Levant
From ArchaeoWiki
- For the journal publication with the same title, see Levant (journal).
The Levant (Arabic الشام, Ash-Shām) is an approximate, imprecise geographical term that refers to an extensive region area of the Near East situated south of the Taurus Mountains, washed by the Eastern Mediterranean Sea on the west, and bordered by the northern Arabian Desert and Upper Mesopotamia to the south and the east.
The term Levant excludes the Caucasus Mountains, any part of the Arabian Peninsula proper, and Anatolia—on occasion, however, the coastal Anatolian region of Cilicia may be included. The Sinai Peninsula is sometimes included within the Levant, but usually excluded as a marginal area forming a land bridge between the Levant (Asia) and northern Egypt (Africa).
Origins and Etymology
The term Levant derives from the Middle French levant, the participle of lever "to raise"—as in le soleil levant "the rising sun"—from the Latin verb levare. It thus referred to the direction of the rising sun from the perspective of those who first used it.
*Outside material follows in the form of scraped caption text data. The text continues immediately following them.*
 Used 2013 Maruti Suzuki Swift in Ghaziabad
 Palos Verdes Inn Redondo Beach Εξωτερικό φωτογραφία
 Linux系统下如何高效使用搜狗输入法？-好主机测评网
As such, Levant is broadly equivalent to the Arabic term Mashriq, "the land where the sun rises". The term Levant is first attested in the English language in 1497, employed originally with the wider sense of "Mediterranean lands east of Italy".
An alternative etymology posits that the term Levant originally stems from the more precise geographical designation Lebanon, noting that Spanish translators of Arabic would use the letters b and v interchangeably as a consequence of their Spanish pronunciations. Thus, the Levant refers to the areas surrounding the Lebanon, itself deriving from the Aramaic word for white in reference to the snow-capped Lebanese mountains.
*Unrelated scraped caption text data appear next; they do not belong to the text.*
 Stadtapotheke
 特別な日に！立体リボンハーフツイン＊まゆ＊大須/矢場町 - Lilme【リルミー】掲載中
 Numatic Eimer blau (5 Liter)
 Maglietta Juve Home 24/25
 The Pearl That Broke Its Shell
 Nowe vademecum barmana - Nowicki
The term became current in English during the second half of the 16th century, along with the first English merchant adventurers in the region: English ships appeared in the eastern Mediterranean in the 1570s and English merchants signed agreements ("capitulations") with the Grand Turk (Great Sultan) in 1579, leading to the formation of the Levant Company in 1581, trading out of ports in western Anatolia and the eastern Aegean Sea (explaining the alternative name, the Turkey Company), until being opened to free trade in 1754 and the company's eventual dissolution in 1825.
In keeping with this Anatolian focus, the adjevtive Levantine was widely applied to people of Italian (especially Venetian and Genoese), French, or other western Mediterranean origin who lived in Turkey under the Ottoman Empire. The majority of these people were descendants of traders or of the inhabitants of the various Crusader states.
Popular 19th century travel writing incorporated eastern regions under then current or recent governance of the Ottoman Empire, including Greece, under the term "Levantine".
When the United Kingdom took over Palestine in the aftermath of the First World War, some of the new rulers adapted the term pejoratively to refer to inhabitants of mixed Arab and European descent and to Europeans (usually French, Italian, or Greek) who had "gone native" and adopted local dress and customs.
The French Mandates of Syria and Lebanon from designated the Levant states from 1920 until their Independence in 1946. The term became prevalent in archaeology at that time alongside discoveries made during excavations at Mari and Ugarit, and is today most typically used by archaeologists and historians with reference to the prehistory, archaeology, ancient and medieval history of the region.